- [EXTRACTED INFORMATION]
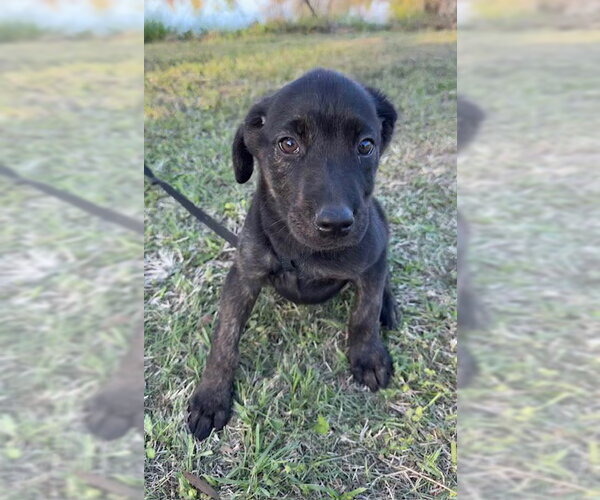 Medium Photo #5 Mutt Puppy For Sale in Tarrytown, GA, USA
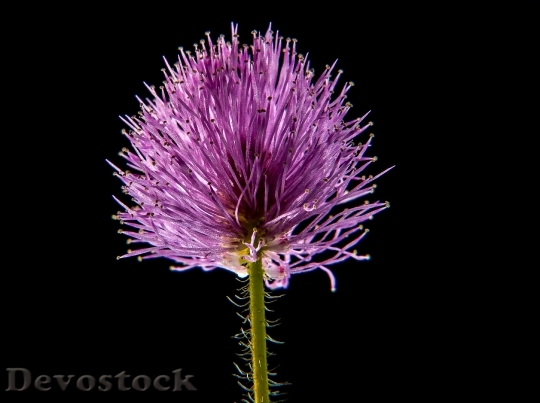 Devostock Nature Purple Flower 6441 4K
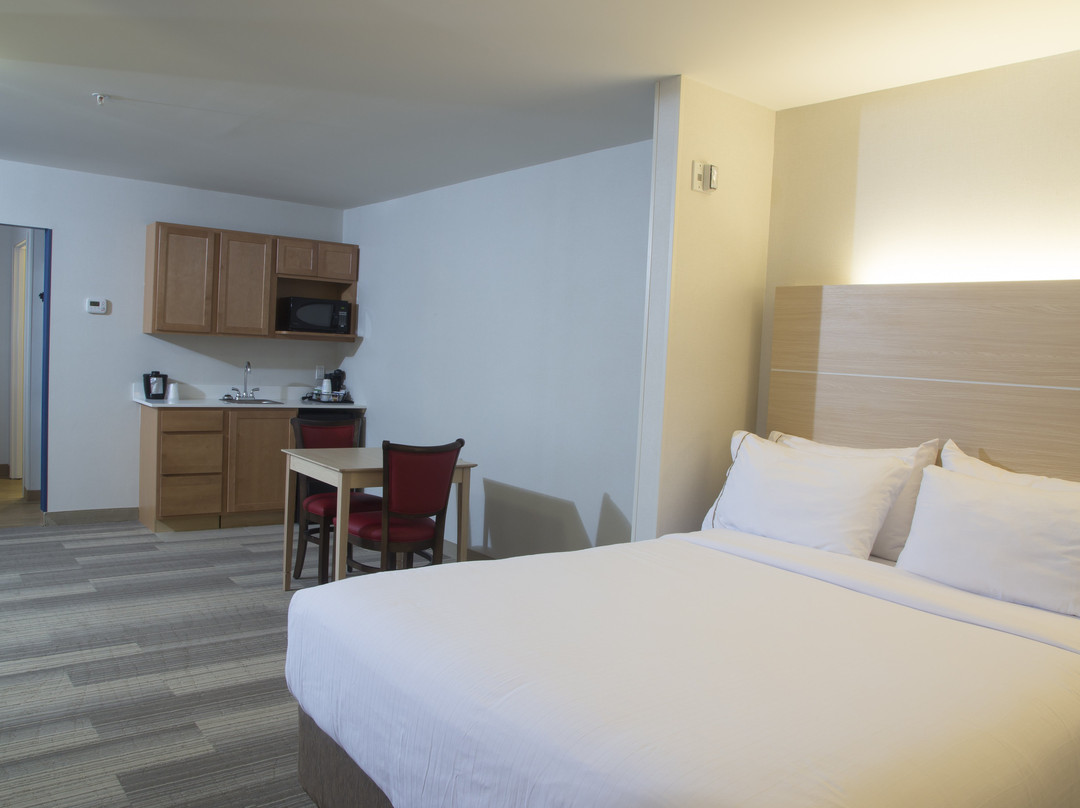 Holiday Inn Express & Suites Rochester Hills - Detroit Area By IHG主图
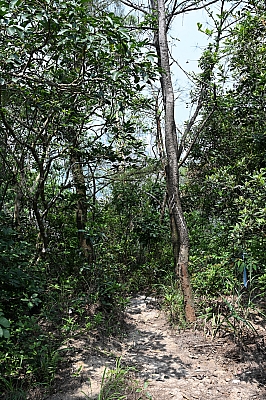 DSC_4623.jpg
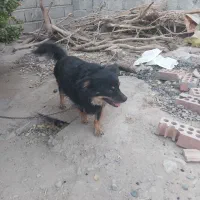 سگ فروشی قیمت ۲ملیون|سگ|عنبرآباد, |دیوار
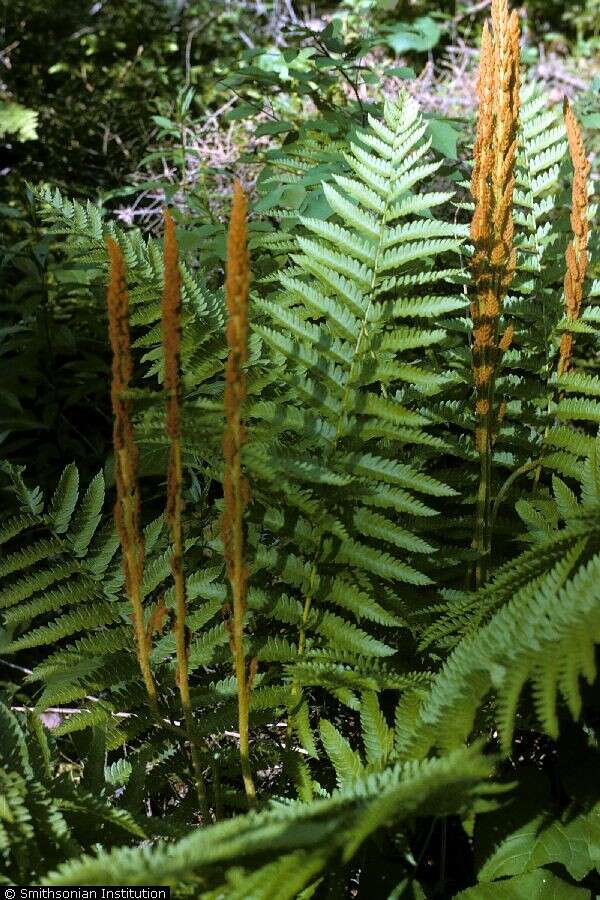 Image of cinnamon fern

- [WHAT IS BEING ASKED] An exact restatement of the lines from the one holding "Devostock Nature Purple Flower 6441 4K" through the end of the entries, both ends included, is the whole answer. Pictures stay out.

- [SOLUTION FOR THIS PROBLEM]
 Devostock Nature Purple Flower 6441 4K
 Holiday Inn Express & Suites Rochester Hills - Detroit Area By IHG主图
 DSC_4623.jpg
 سگ فروشی قیمت ۲ملیون|سگ|عنبرآباد, |دیوار
 Image of cinnamon fern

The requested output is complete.